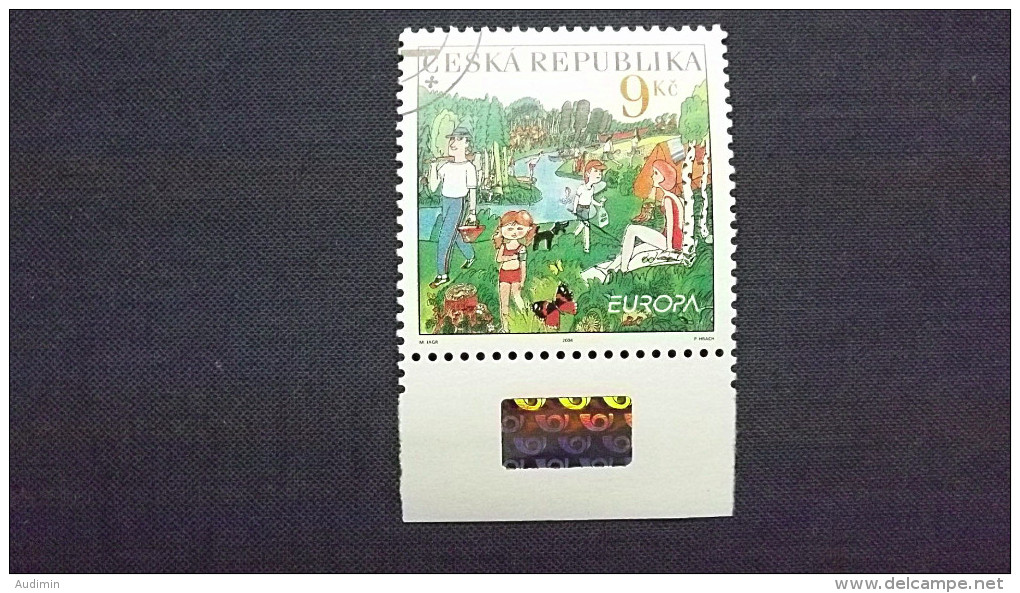 Tschechische Republik 395 Oo/ESST, EUROPA/CEPT 2004, Ferien - Used Stamps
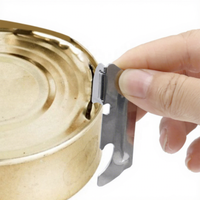 Ouvre-boîte pliant simple en acier inoxydable, ouvre-boîte à fruits, viande et aliments en conserve, mini-outil portable pour usage domestique, ouvre-bouteilles de vin
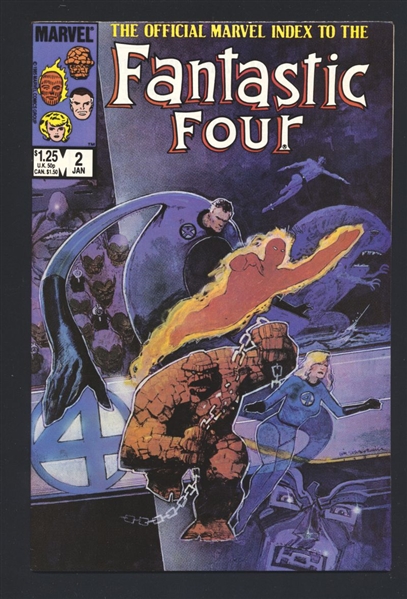 Official Marvel Index to the Fantastic Four #2 VF 1986 Marvel Sienkiewicz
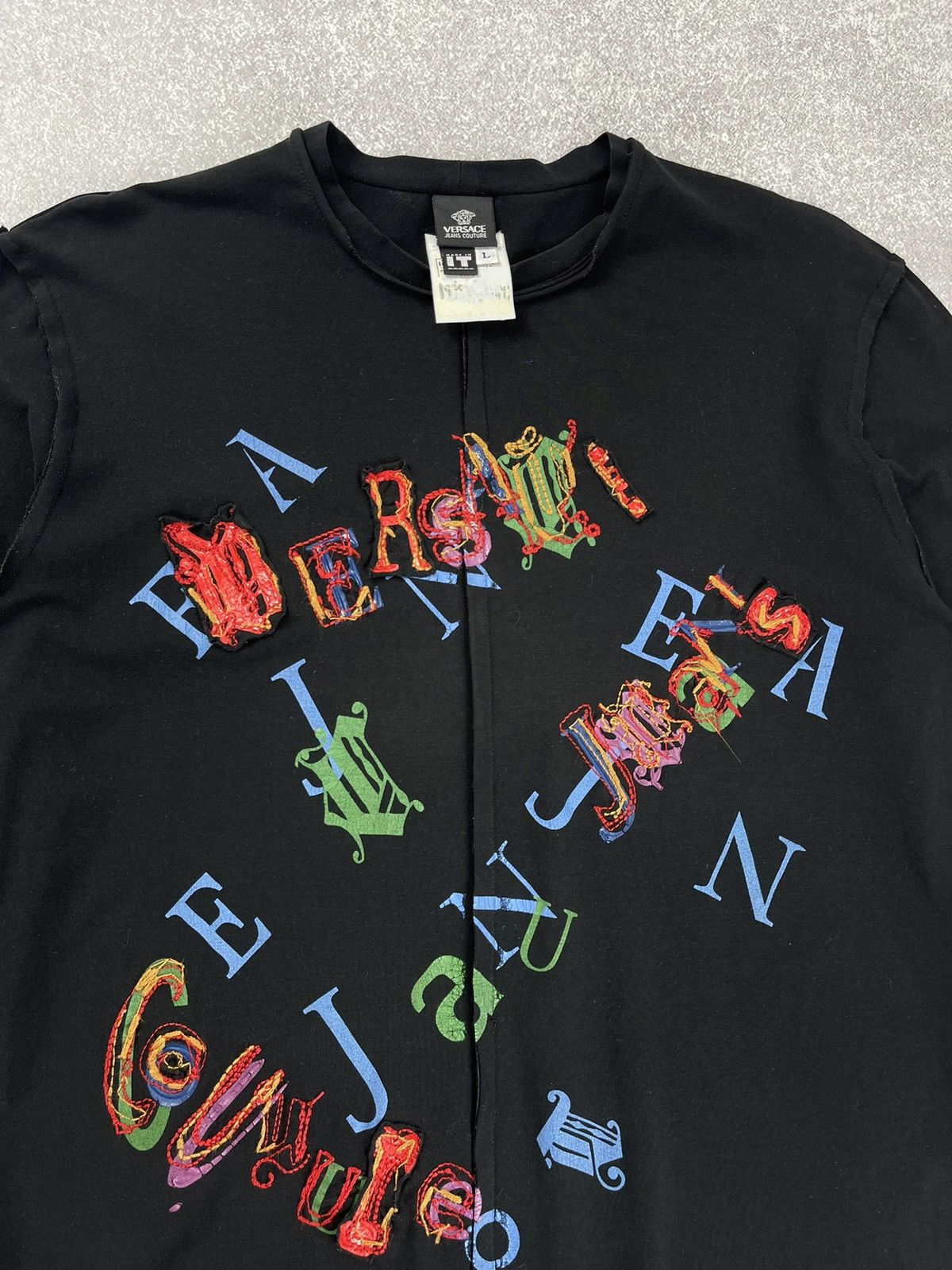 Versace × Versace Jeans Couture × Vintage Vintage Jeans Couture Men’s Long Sleeve Shirt Size L Size US L / EU 52-54 / 3 - 6 Thumbnail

**ASSIGNMENT**
Leaving the pictures behind, return every line above exactly.

**OUTPUT OF THE TASK**
 Tschechische Republik 395 Oo/ESST, EUROPA/CEPT 2004, Ferien - Used Stamps
 Ouvre-boîte pliant simple en acier inoxydable, ouvre-boîte à fruits, viande et aliments en conserve, mini-outil portable pour usage domestique, ouvre-bouteilles de vin
 Official Marvel Index to the Fantastic Four #2 VF 1986 Marvel Sienkiewicz
 Versace × Versace Jeans Couture × Vintage Vintage Jeans Couture Men’s Long Sleeve Shirt Size L Size US L / EU 52-54 / 3 - 6 Thumbnail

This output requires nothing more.